• ACTIVITY
A faithful copy of the data is what is wanted, minus any pictures.

• DATA EXCERPT
——————

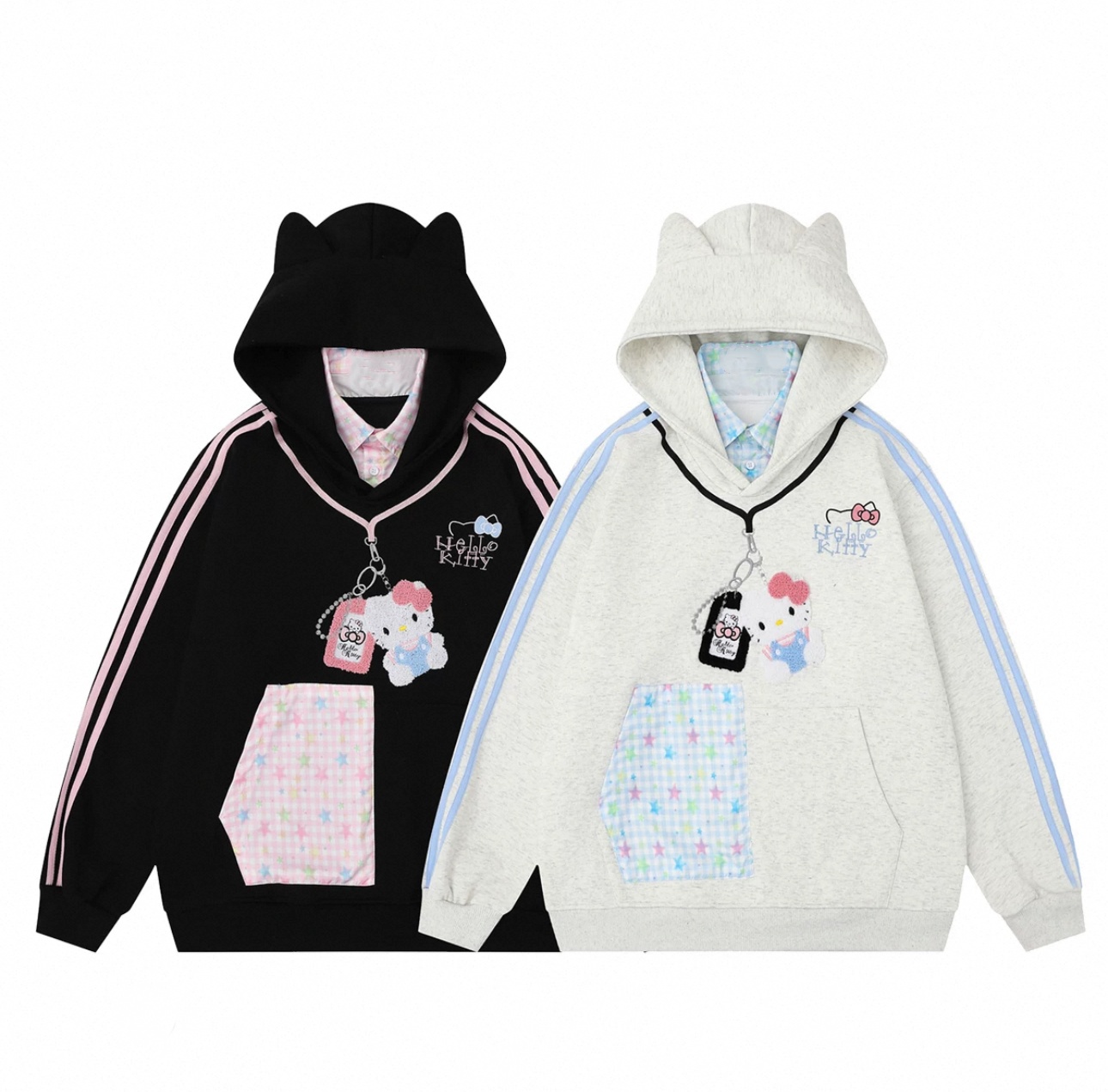 番茄酱酱tomorrow美式甜酷风kitty假两件连帽卫衣宽松慵懒风外套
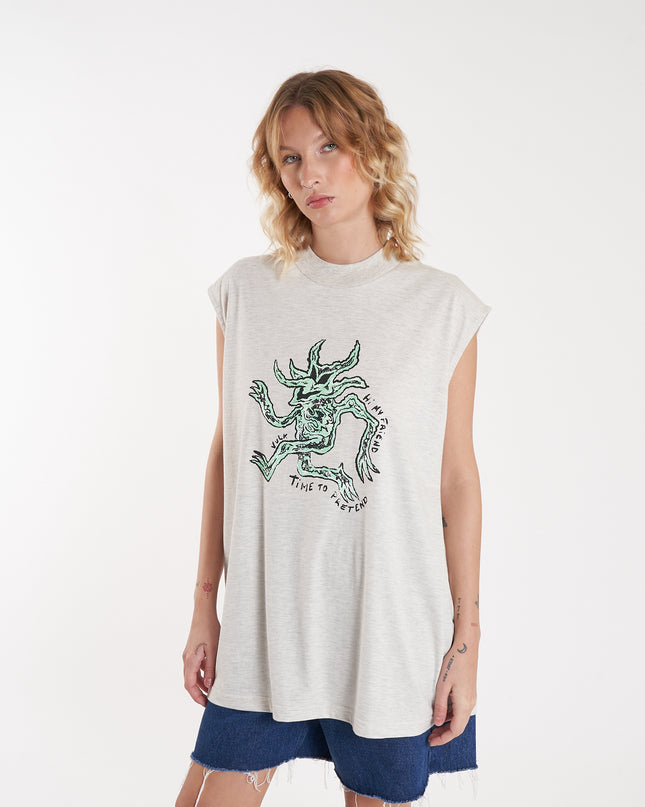 Musculosa Trip Cream Grey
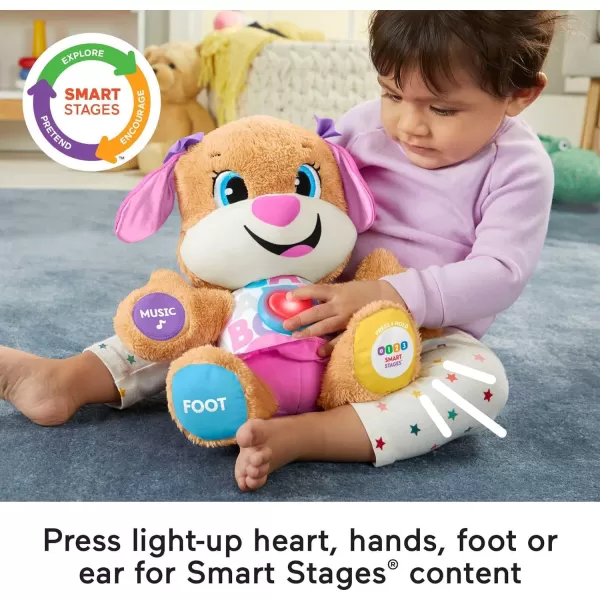 FisherPrice Laugh  Learn Baby Learning Toy Smart Stages Puppy Plush with Lights Music and Educational Content for Ages 6MSis  Pink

——————

• WORKED SOLUTION
 番茄酱酱tomorrow美式甜酷风kitty假两件连帽卫衣宽松慵懒风外套
 Musculosa Trip Cream Grey
 FisherPrice Laugh  Learn Baby Learning Toy Smart Stages Puppy Plush with Lights Music and Educational Content for Ages 6MSis  Pink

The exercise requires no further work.